Per fortuna, altre maschere, non schiettamente paesane, quali il «Dottore» e la «Vecchia» pettegolona, dall'ampia cuffia di madrasso, il «mezzero» sulle spalle e la cannocchia e il fuso in mano che tagliava cappotti a tutto spiano, comunicavano nel pubblico il brio del quale scintillavano come fuochi d'artificio.

Un celebre «Dottore» è stato ai suoi tempi l'amico Menico Berlingeri, il quale si era disegnato da se stesso un grosso libro zeppo di sanguinanti figure anatomiche, che illustrava al pubblico con discorsi pieni di verve e di comicità, decantando i suoi specifici e le regole per conservarsi sani. Era davvero spassosissimo e nessuno seppe più soltanto imitarlo.

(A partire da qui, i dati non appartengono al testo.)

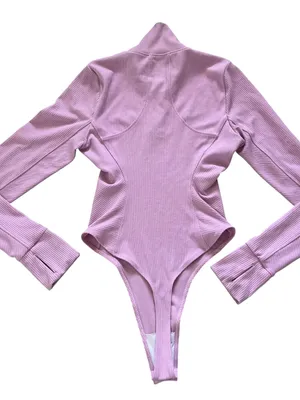 All yoga rise up long sleeve bodysuit sugarplum pink ribbed size medium thumbnail 9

Basti dire che sapeva cinquemila versi del «Sciò Reginn-a» a memoria. E parimenti un «Paesano» arguto che non lasciava botta senza adeguata risposta, fu il venditore ambulante Luigi Becco dalla figura maschia e dalla voce metallica, con la quale sapeva dar risalto a tutti i sottintesi di cui era condita la sua sciolta parlantina. Tutti e due furono per parecchi anni le figure centrali dei nostri carnevali passati, che purtroppo non si rinnoveranno più mai, perché, come scrissi, i ricordi non han la miracolosa forza di risuscitare il passato, del quale sono come l'aroma sottile rimasto in certe chiuse scatole che hanno contenuto oggetti a noi tanto cari e dolci.

Però la nostalgia di un po' di spensieratezza e di chiasso permane nei nostri cuori. Ah, se si potesse insanire una volta ancora, come dice il proverbio latino: «Semel in anno licet insanire!».